The gatekeeper role that platforms play in determining which investments are easily available presents a huge challenge for the direct property sector, according to a panel discussion hosted by research firm Property Investment Research (PIR).
Speaking on the panel, AMP head of product research and approved product list management Brad Matthews said a large number of advisers achieve efficiency through platforms.
"At the moment we'd say direct property is on the fringe of the mainstream investments for planners, and a key reason for this is because of the lack of assets offered on platforms," he said.
Matthews added that liquidity concerns should not prevent direct property investments from being included on platforms.
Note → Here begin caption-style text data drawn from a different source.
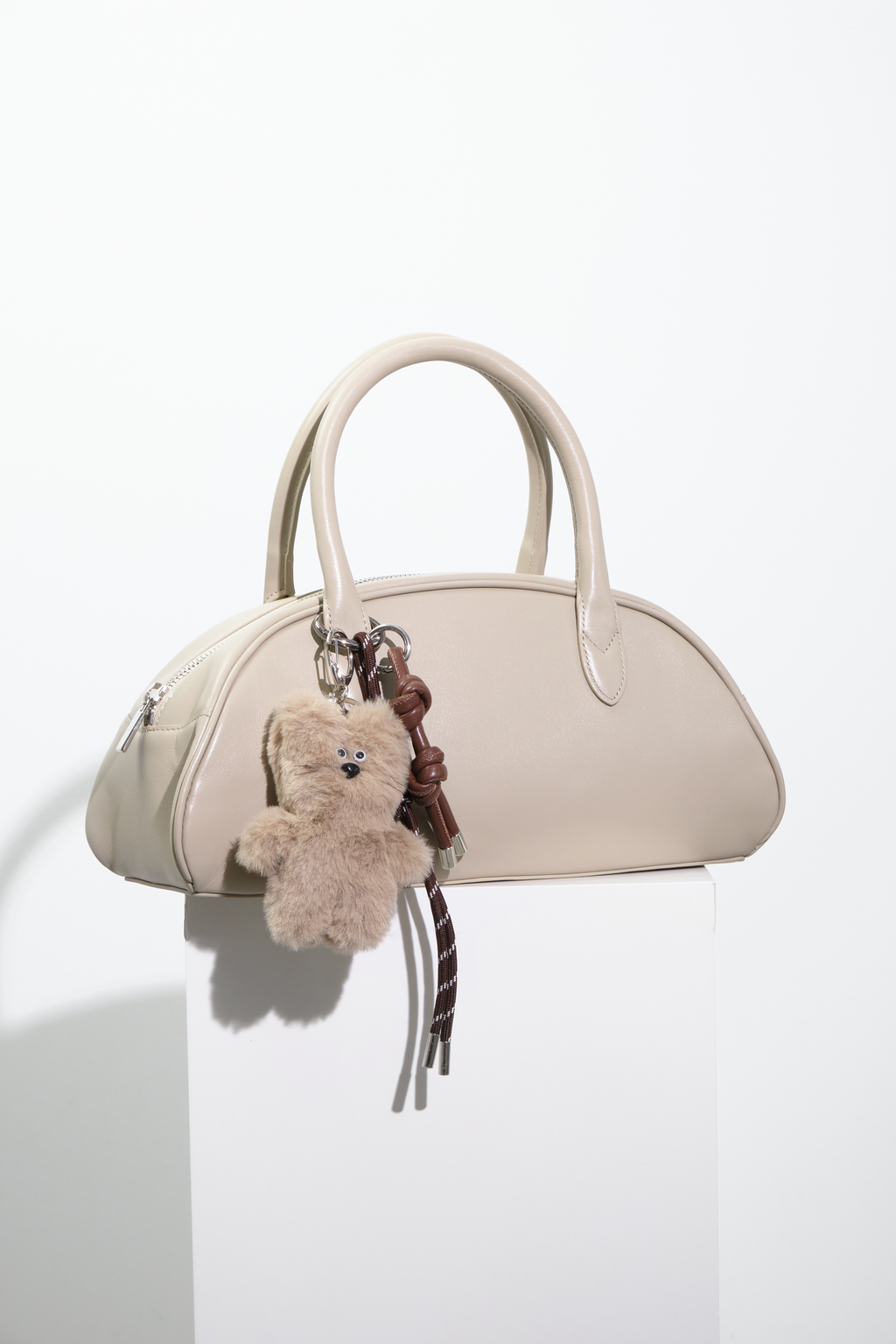 Half Moon Hand Bag / ハーフムーンバッグ（ブラック・ベージュ）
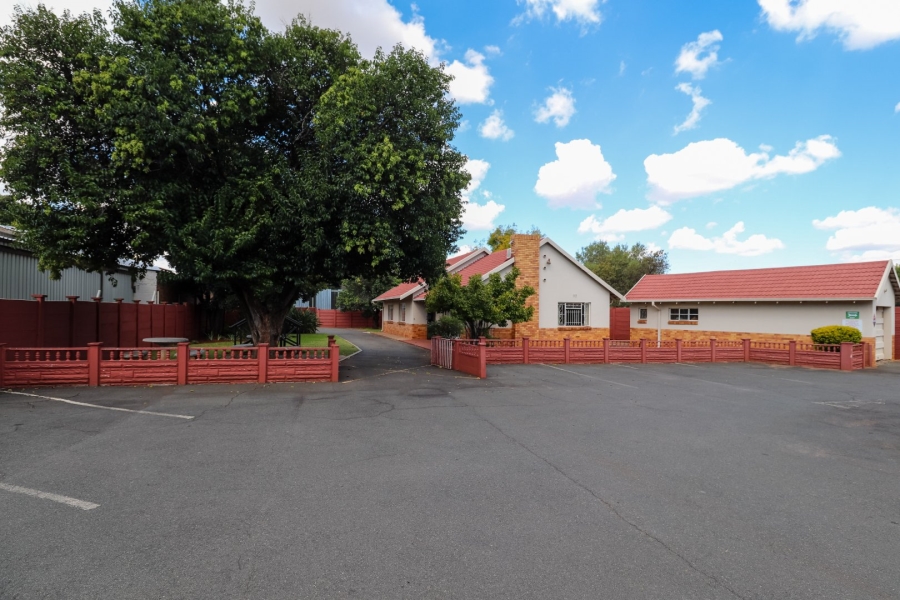 Commercial Property for Sale in Adamayview North West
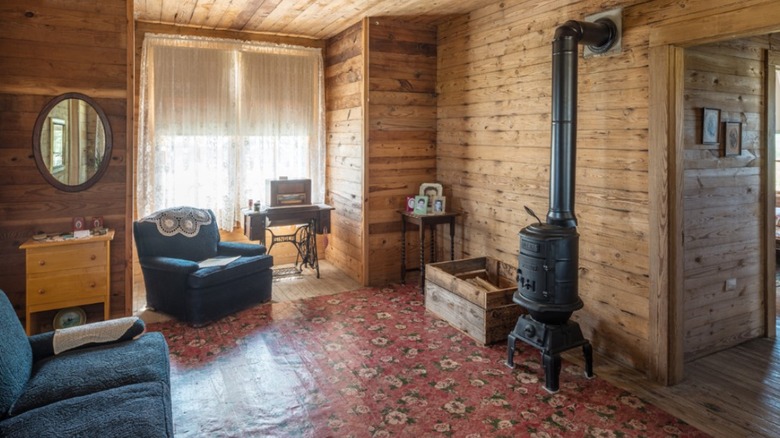 Living room of Cash home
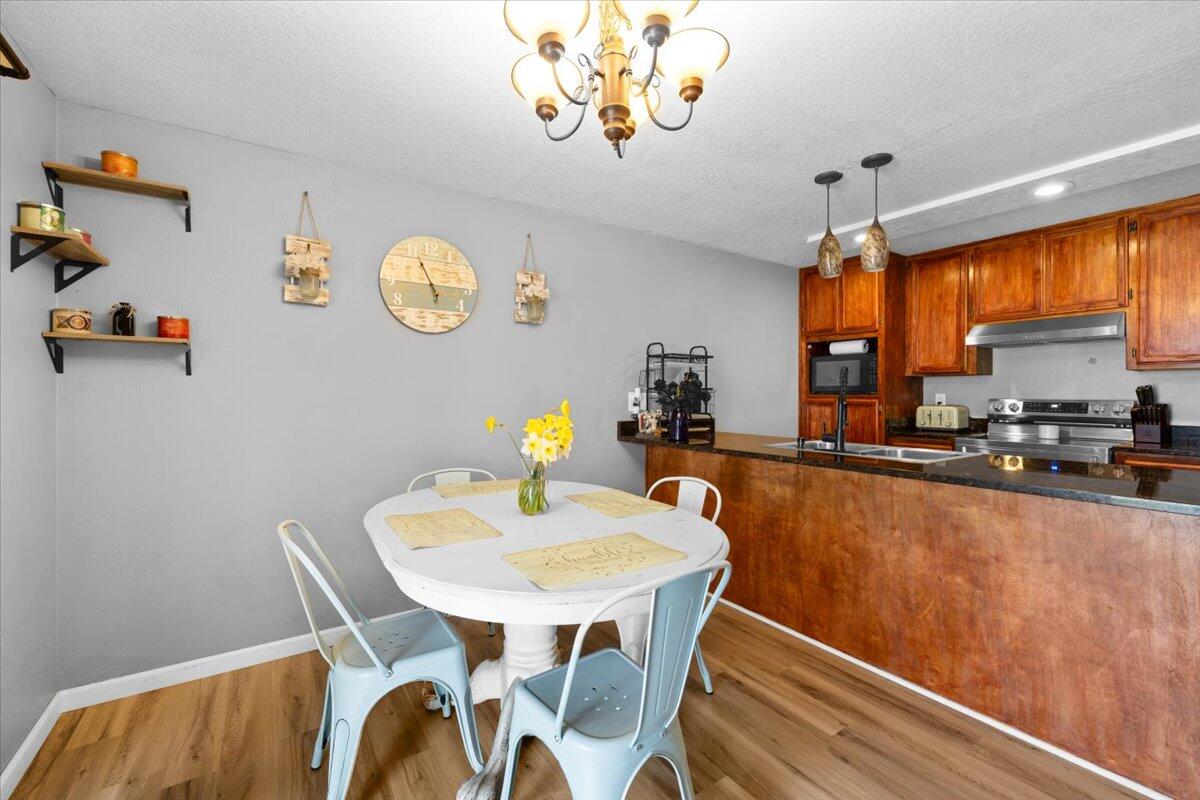 1023 Brandi Way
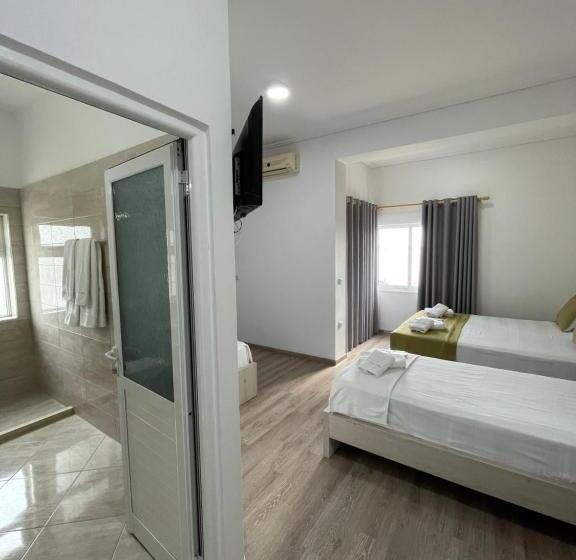 Chambre Quadruple Standard Vue Jardin, Relax Mea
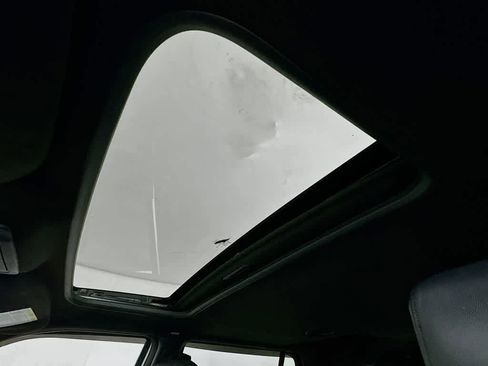 Used 2017 Ford Expedition XLT image 31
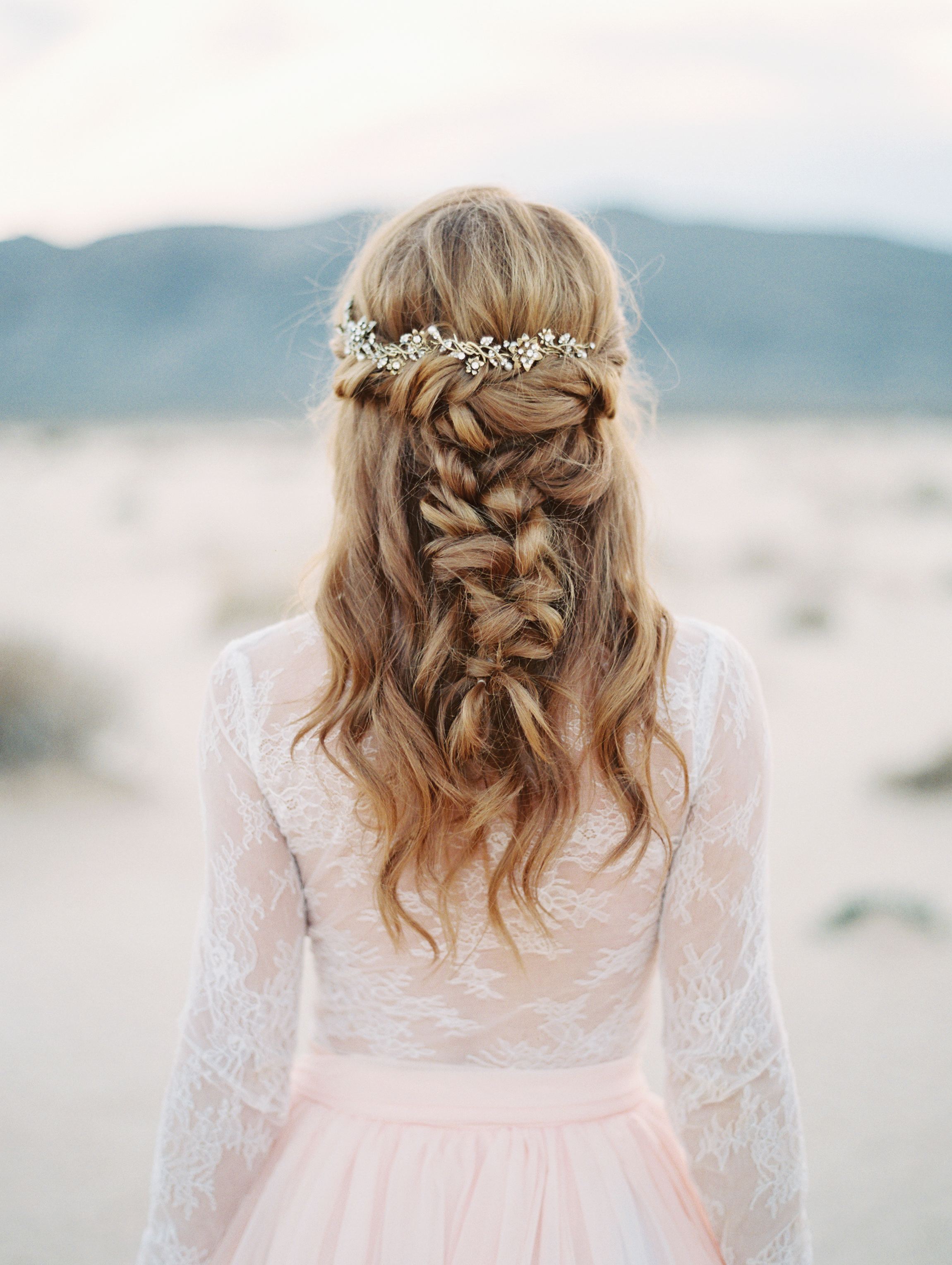 Desert Wedding Inspiration | Allen Tsai Photography | Joy Wed blog | http://www.joy-wed.com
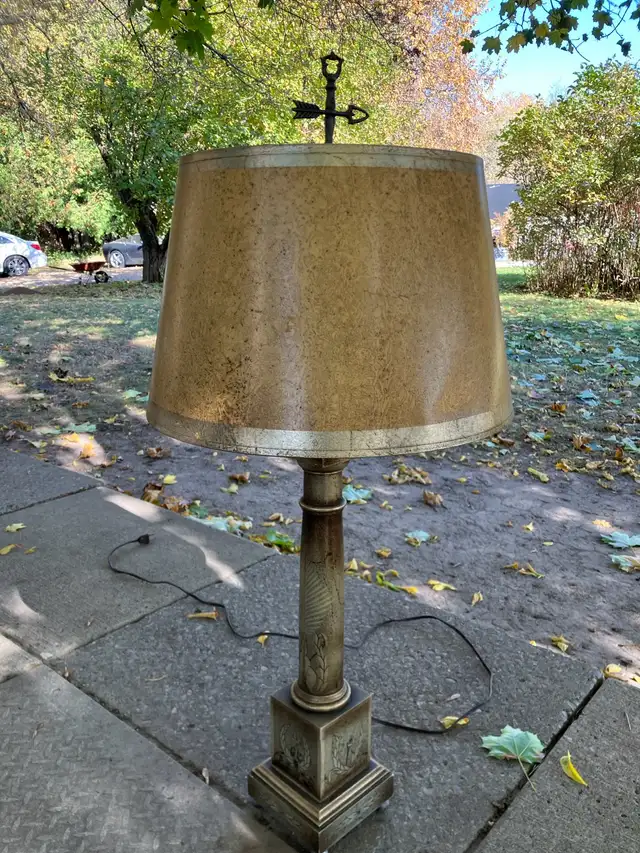 Vintage Table lamp 35” to top of hook  in Indoor Lighting & Fans in Markham / York Region - Image 2
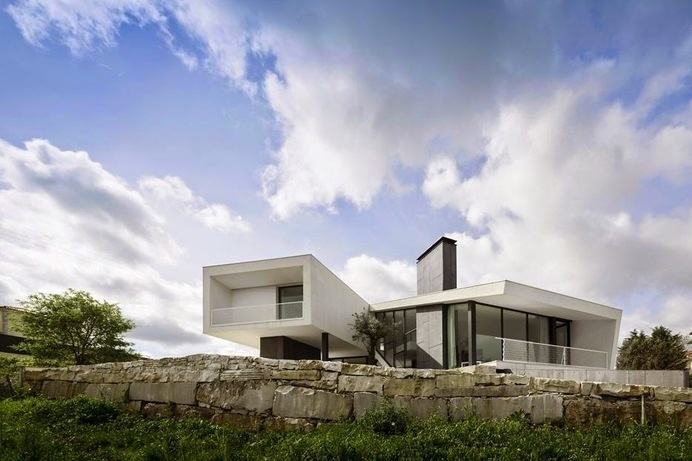 Vidigal House by Contaminar Architects #interior #design #architecture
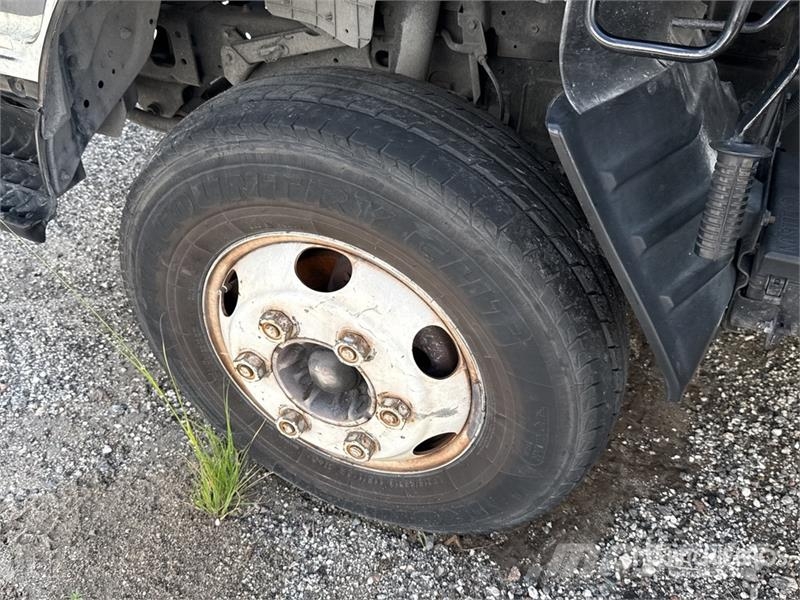 Isuzu NPR Skriňová nadstavba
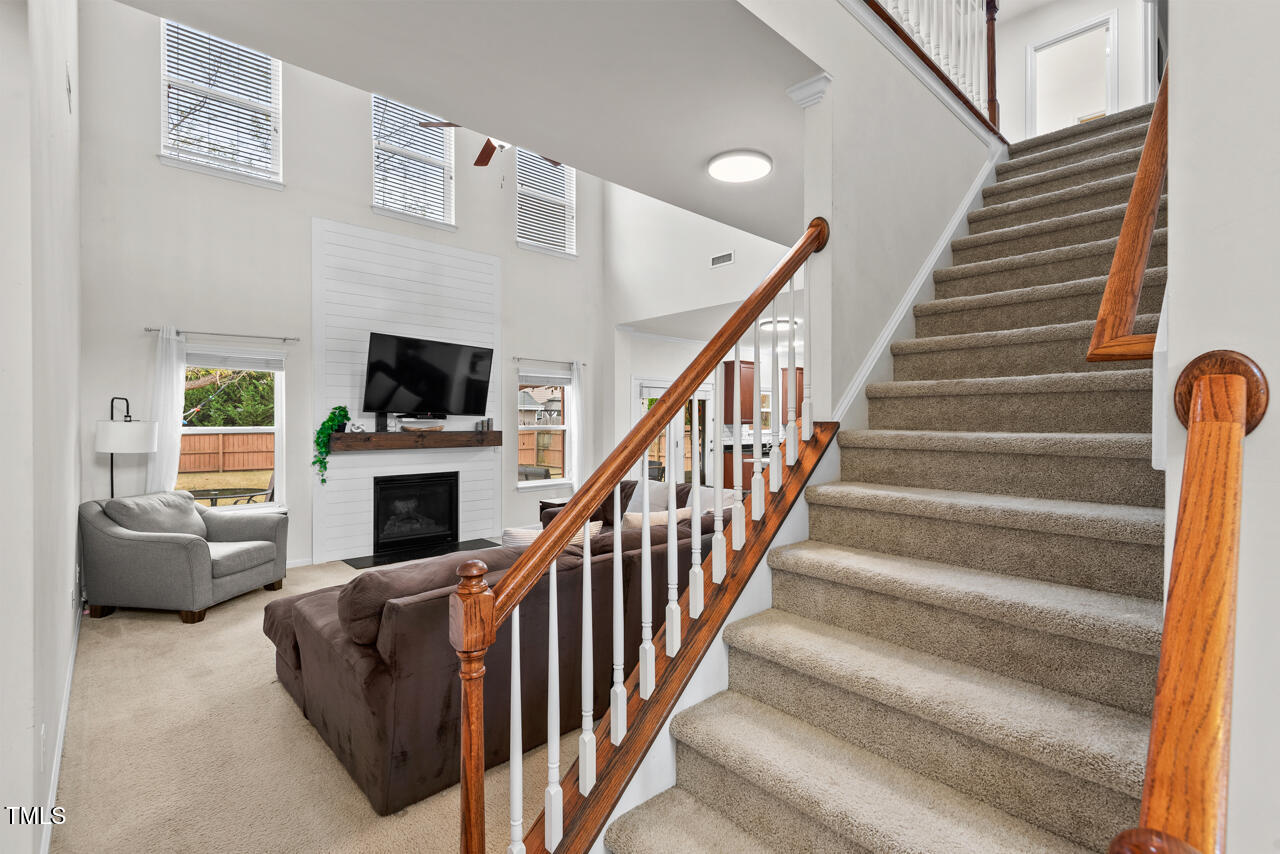 125 Windrush Lane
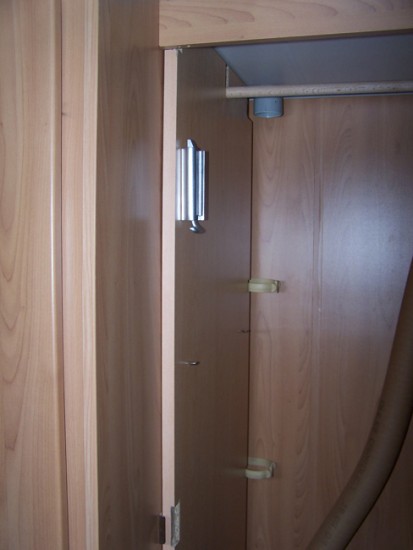 Support bras TV sur la contre cloison.jpg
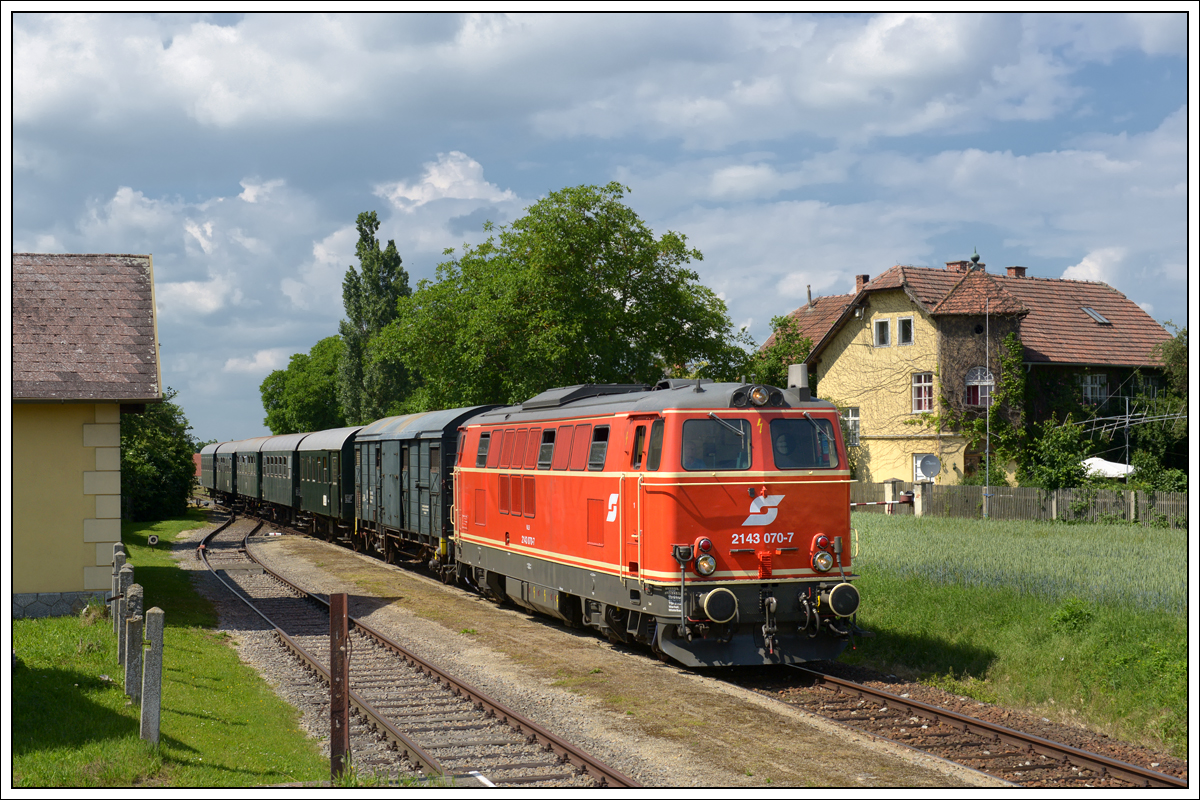 2143 70 vom Verein Neue Landesbahn mit dem Reblausexpress 16973 von Drosendorf nach Retz am 3.6.2018 bei der Durchfahrt in Zissersdorf.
"Property investments coming out at the moment are of a higher quality and more client-oriented than previously; however, this hasn't translated into strong representation on platforms," Matthews said.
"In the past liquidity was a critical characteristic for getting on a platform; however it shouldn't be the case that something has to be liquid to get onto one, providing investors are aware of the liquidity restrictions," he said.
Richard Stacker from Charter Hall said there was opportunity for unlisted products to get on to platforms but it needed to be a collaborative process.
"Product providers need to work alongside dealer groups and platform providers to ensure the structures of new products meet the needs of investors but also the platforms, to help bring direct property investments into the mainstream financial planning space," Stacker said.
He added there were opportunities for direct property product providers to be included on platforms, provided they were willing to design their products around platform requirements.
According to Stacker, demand for unlisted property syndicates and funds is increasingly being driven by self-managed super fund investors, with Charter Hall seeing strong interest from trustees and their advisers.